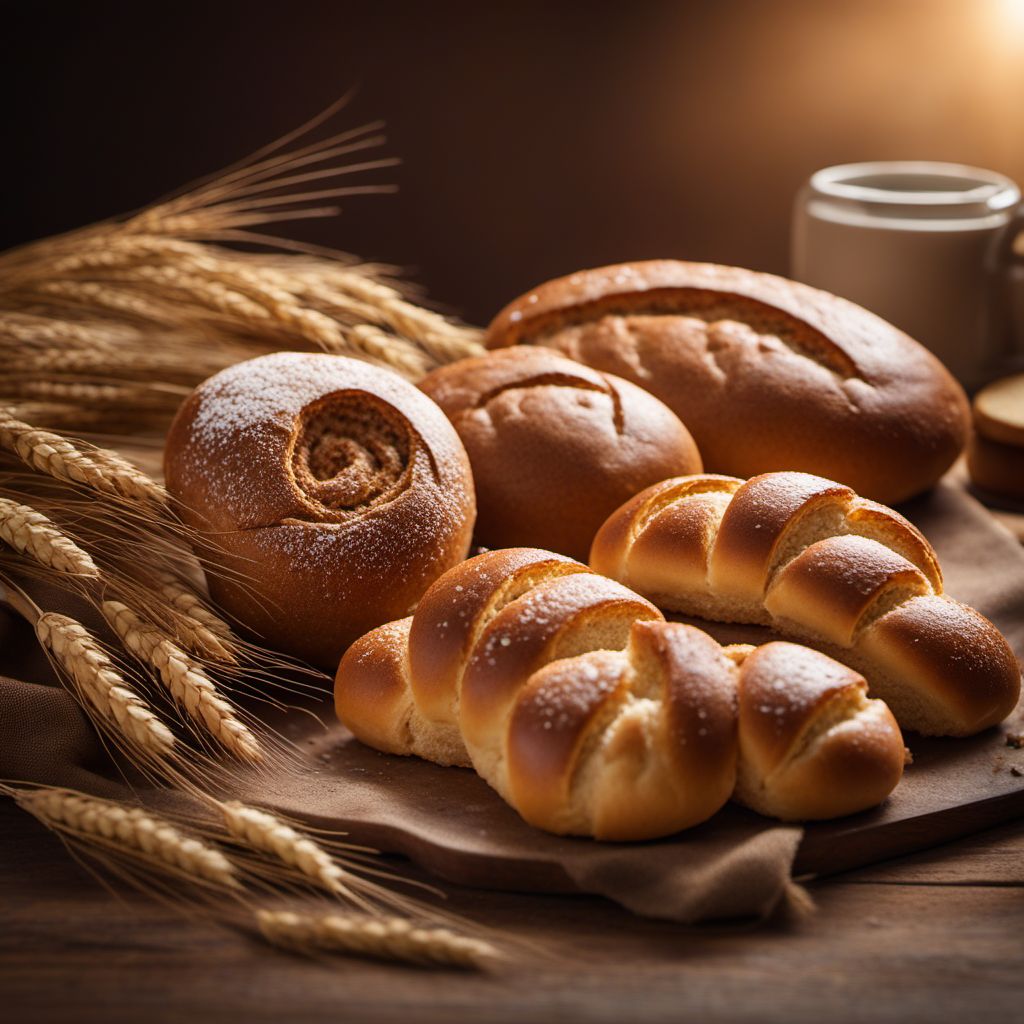 Wheat bread and rolls, brown or wholemeal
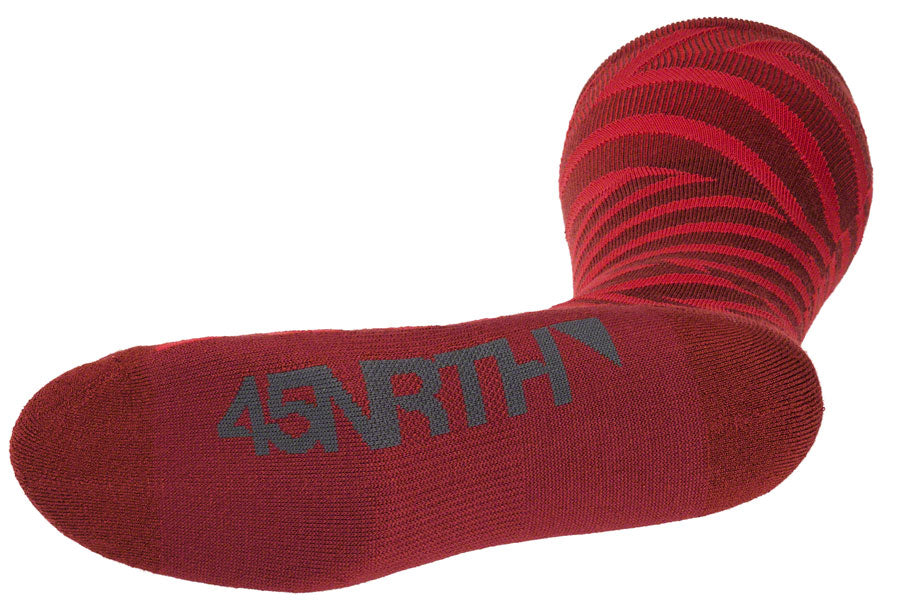 45NRTH Dazzle Midweight Knee High Wool Socks for Men & Women - Warm Winter Hiking Socks, Chili Pepper/Red, Medium - Perfect for Outdoor Activities, Skiing, and Cold Weather Adventures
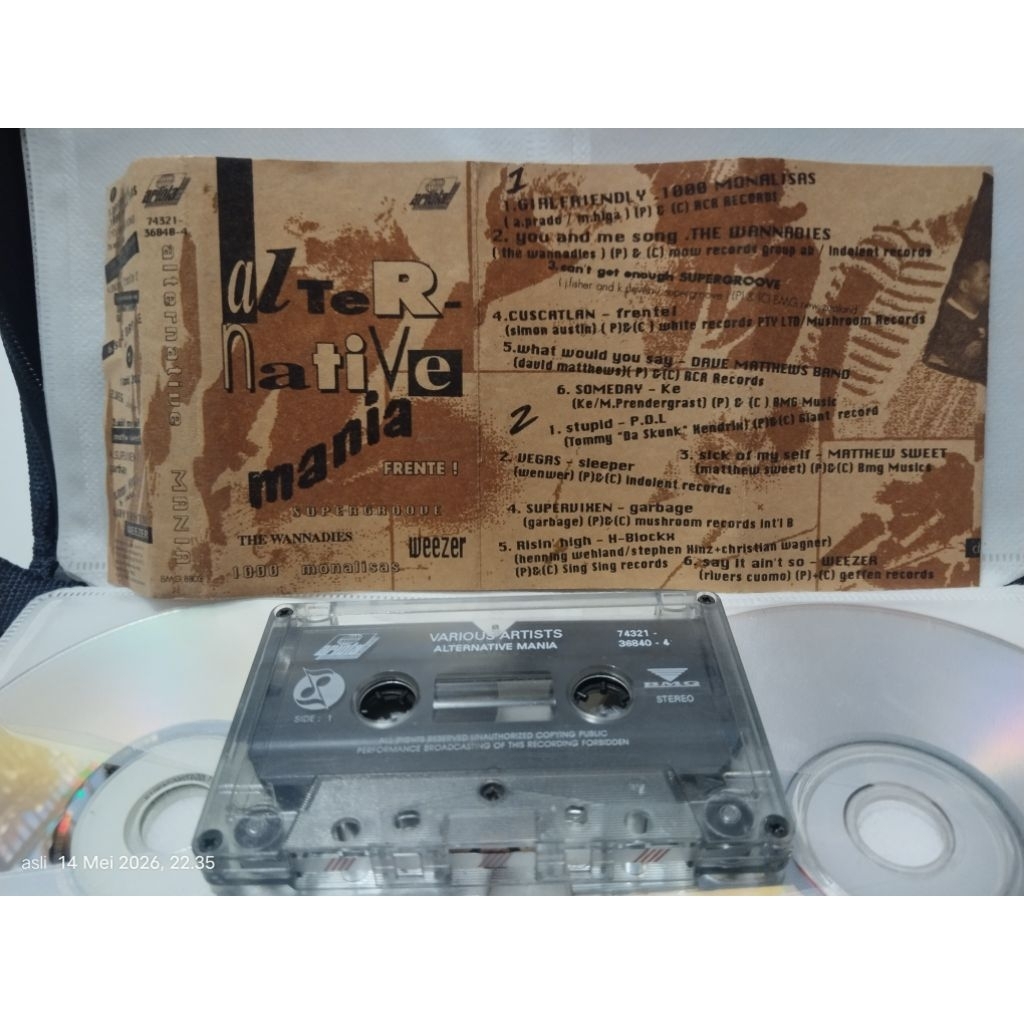 kaset pita alternative mania (weezer, frente, wannadies...)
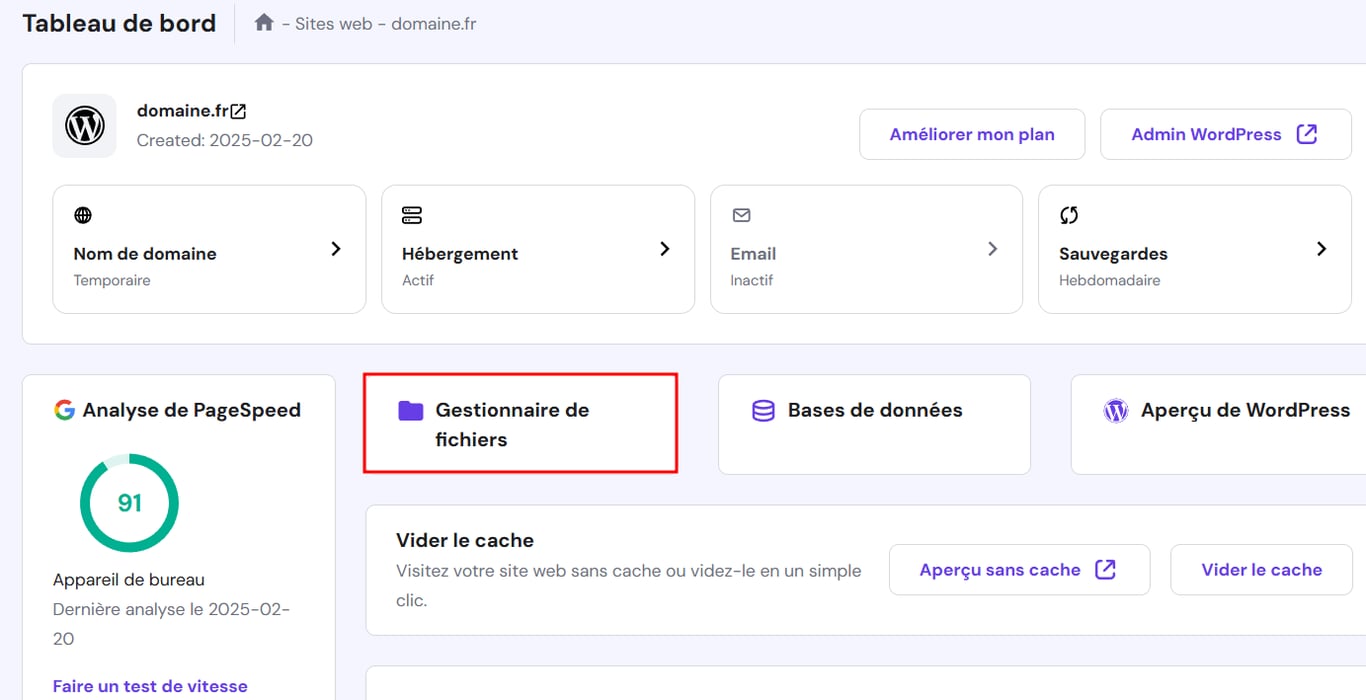 Le bouton Gestionnaire de fichiers dans le tableau de bord du site web hPanel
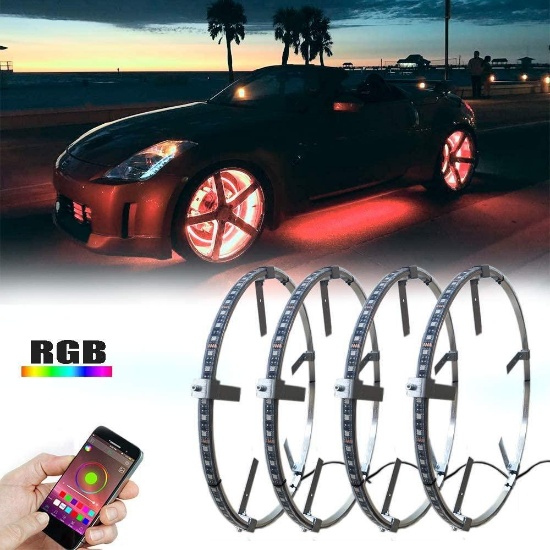 AddSafety 4PCS 15.5inch RGB LED Wheel Ring Light Kit Bluetooth Control w/Turn Signal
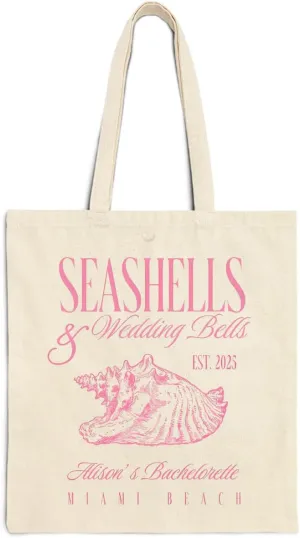 Personalized Seashells and Wedding Bells Tote Bags, Beach Bach Custom Bag, Bachelorette Party Bags, Beach Bachelorette Party Favors, Girls Trip Gift Bag, Bridesmaid Proposal Tote Bags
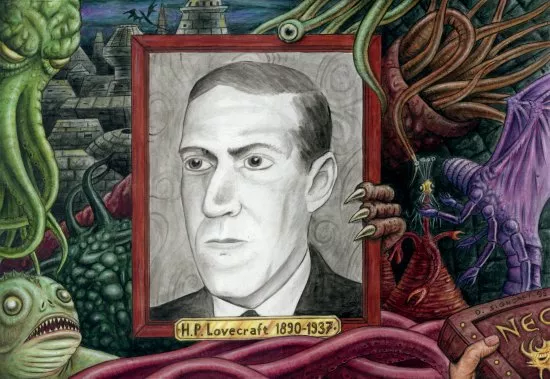 {'fr': 'Portrait de H. P. Lovecraft entouré de créature du Mythe de Cthulhu'}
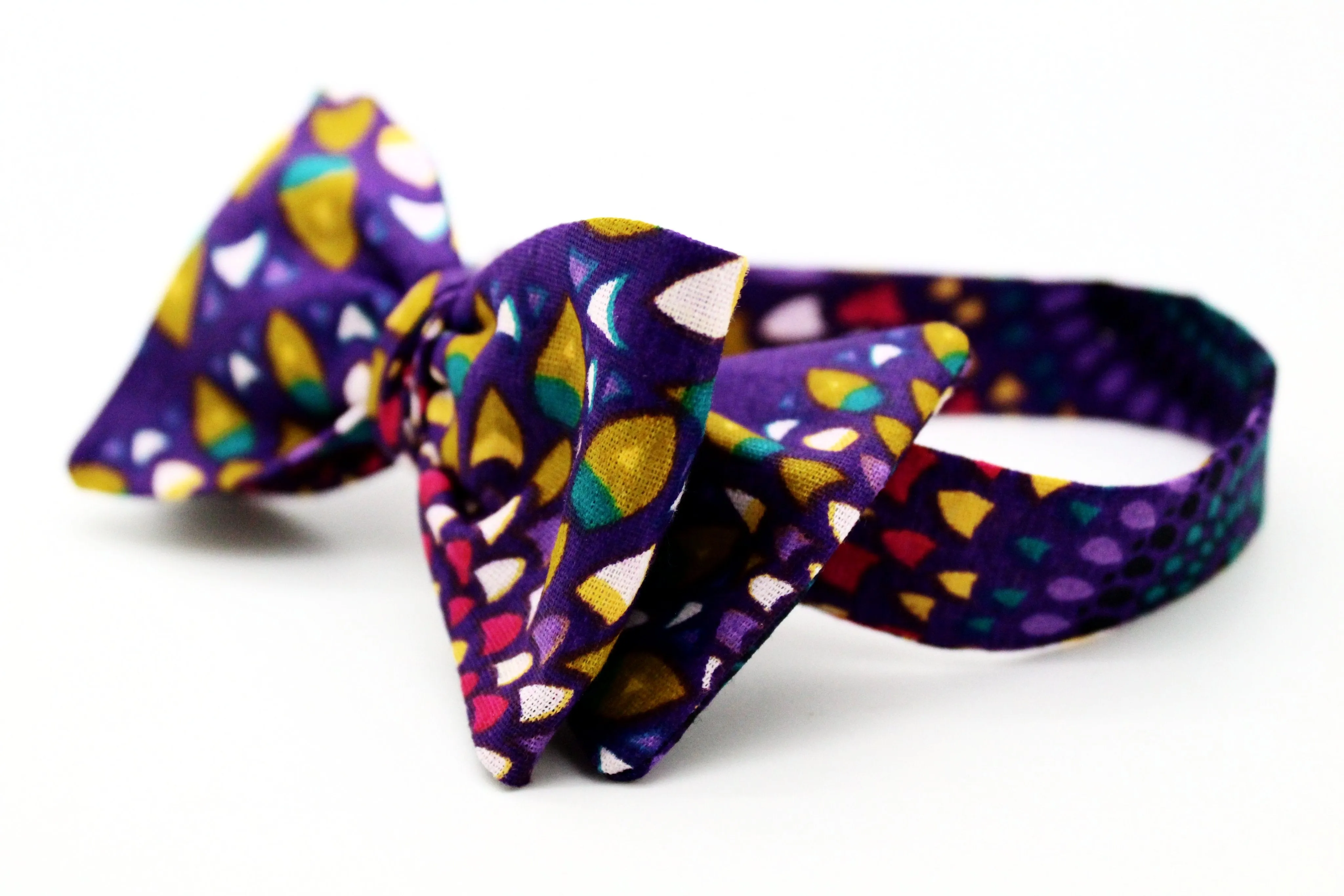 Purple Rain African Print Bow Tie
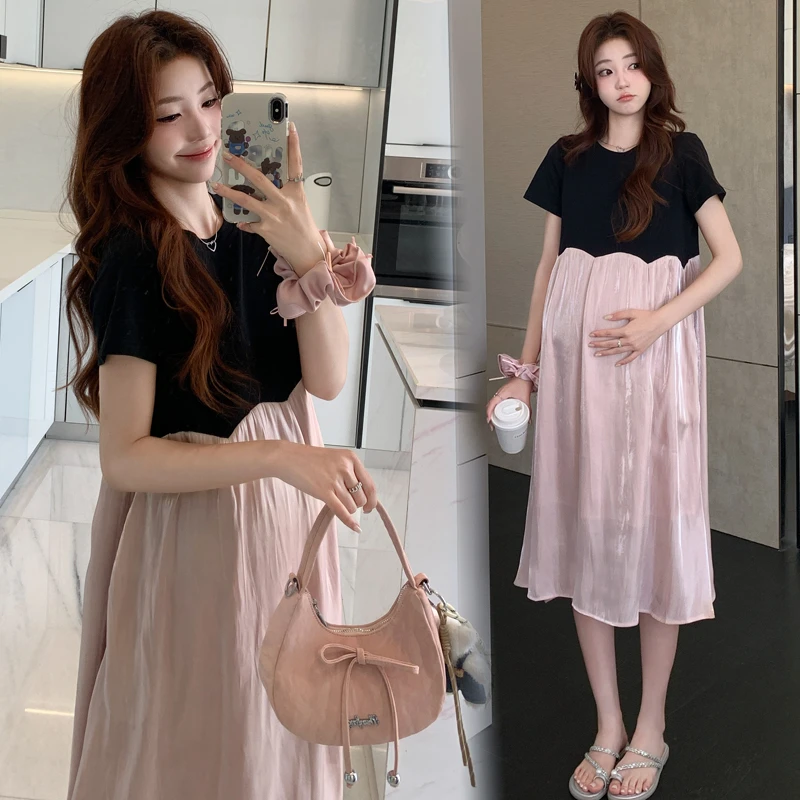 2025孕妇新款时尚洋气法式高腰拼接夏季显瘦宽松假两件中长款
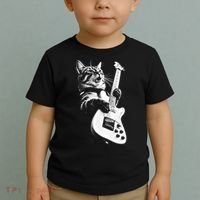Rock Cat Playing Guitar Funny Guitar Cat Toddler T-Shirt thumb 2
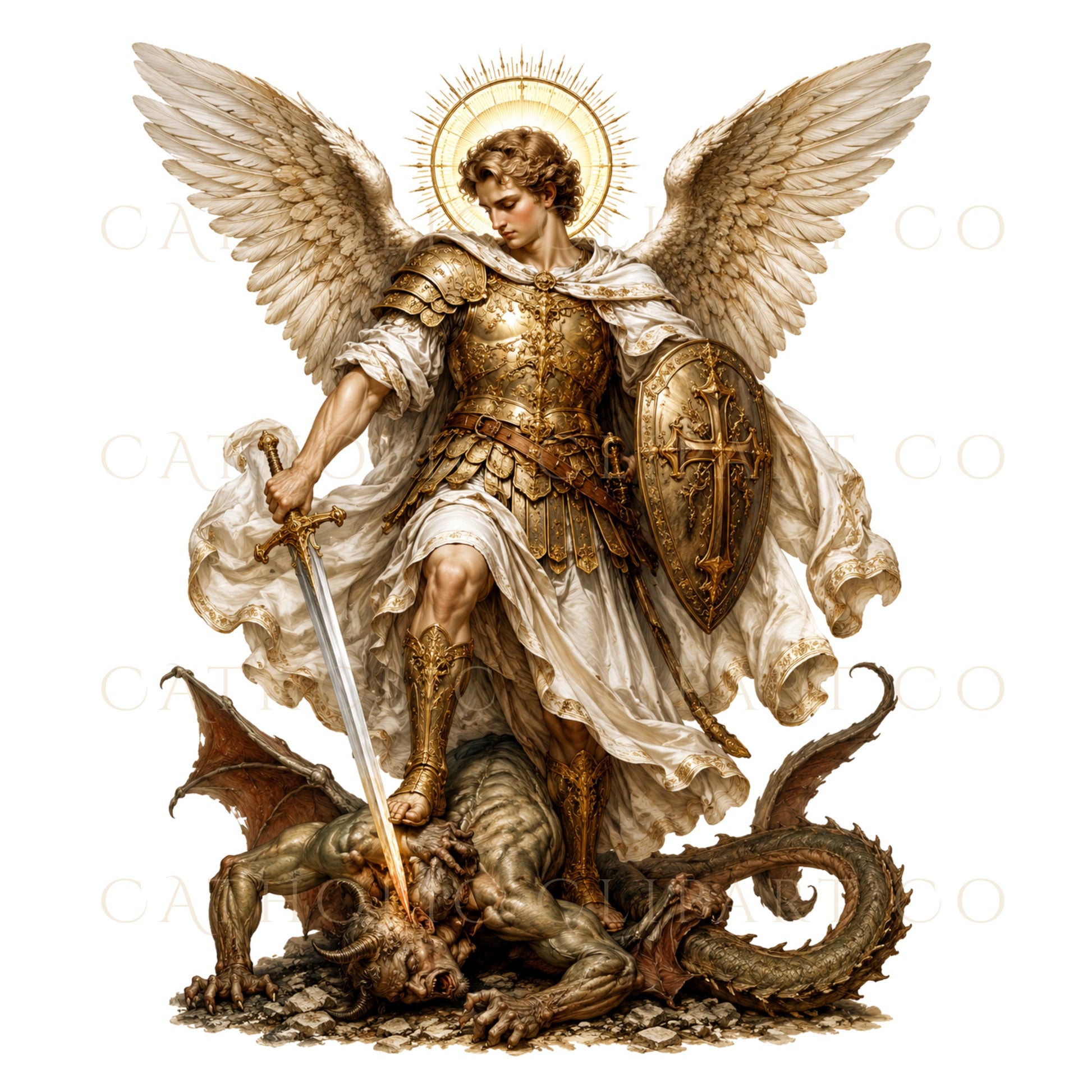 Full-body St. Gabriel clipart with lilies, radiant halo, detailed wings and flowing ivory garments | Clipart de cuerpo completo de San Gabriel con lirios, halo radiante, alas detalladas y vestiduras marfil.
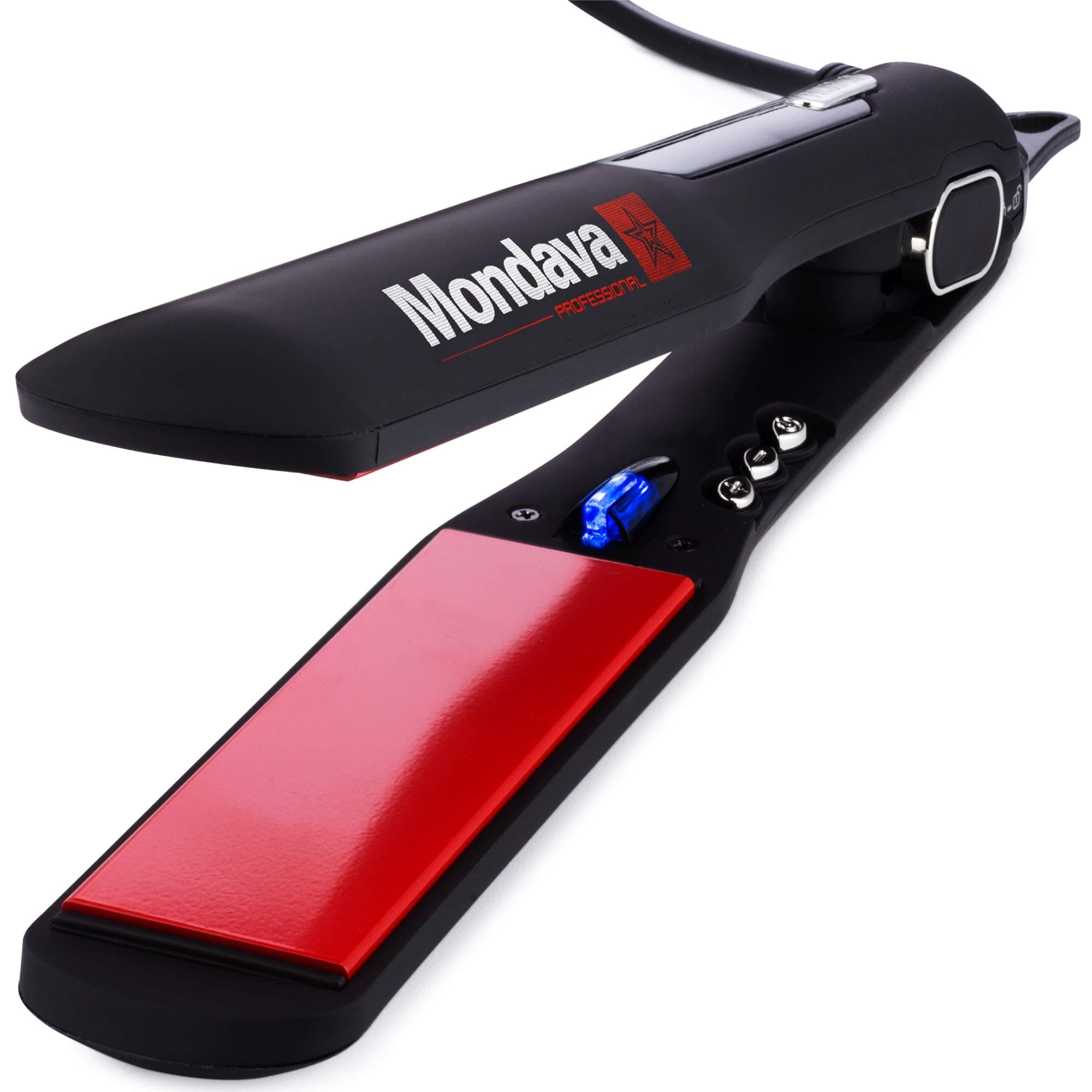 MondavaPROFESSIONAL 1Ã‚¼" Ceramic Tourmaline Flat Iron Hair Straightener - Dual Voltage Adjustable Digital Technology, Straighten & Style Wild Hair Under 8 Min, Types (CLASSIC Ionic)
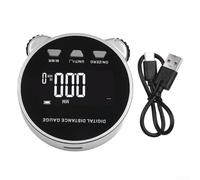 Compteur de distance numérique à rouleau 200 m avec rétroéclairage LCD - Odomètre rechargeable USB-C pour mesure courbe ligne droite outil d'arpentage de construction 54 x 60 x 16 mm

========

* Task to complete:
Return the records above verbatim, leaving out images.

* Reply to the task:
 Wheat bread and rolls, brown or wholemeal
 45NRTH Dazzle Midweight Knee High Wool Socks for Men & Women - Warm Winter Hiking Socks, Chili Pepper/Red, Medium - Perfect for Outdoor Activities, Skiing, and Cold Weather Adventures
 kaset pita alternative mania (weezer, frente, wannadies...)
 Le bouton Gestionnaire de fichiers dans le tableau de bord du site web hPanel
 AddSafety 4PCS 15.5inch RGB LED Wheel Ring Light Kit Bluetooth Control w/Turn Signal
 Personalized Seashells and Wedding Bells Tote Bags, Beach Bach Custom Bag, Bachelorette Party Bags, Beach Bachelorette Party Favors, Girls Trip Gift Bag, Bridesmaid Proposal Tote Bags
 {'fr': 'Portrait de H. P. Lovecraft entouré de créature du Mythe de Cthulhu'}
 Purple Rain African Print Bow Tie
 2025孕妇新款时尚洋气法式高腰拼接夏季显瘦宽松假两件中长款
Rock Cat Playing Guitar Funny Guitar Cat Toddler T-Shirt thumb 2
 Full-body St. Gabriel clipart with lilies, radiant halo, detailed wings and flowing ivory garments | Clipart de cuerpo completo de San Gabriel con lirios, halo radiante, alas detalladas y vestiduras marfil.
 MondavaPROFESSIONAL 1Ã‚¼" Ceramic Tourmaline Flat Iron Hair Straightener - Dual Voltage Adjustable Digital Technology, Straighten & Style Wild Hair Under 8 Min, Types (CLASSIC Ionic)
 Compteur de distance numérique à rouleau 200 m avec rétroéclairage LCD - Odomètre rechargeable USB-C pour mesure courbe ligne droite outil d'arpentage de construction 54 x 60 x 16 mm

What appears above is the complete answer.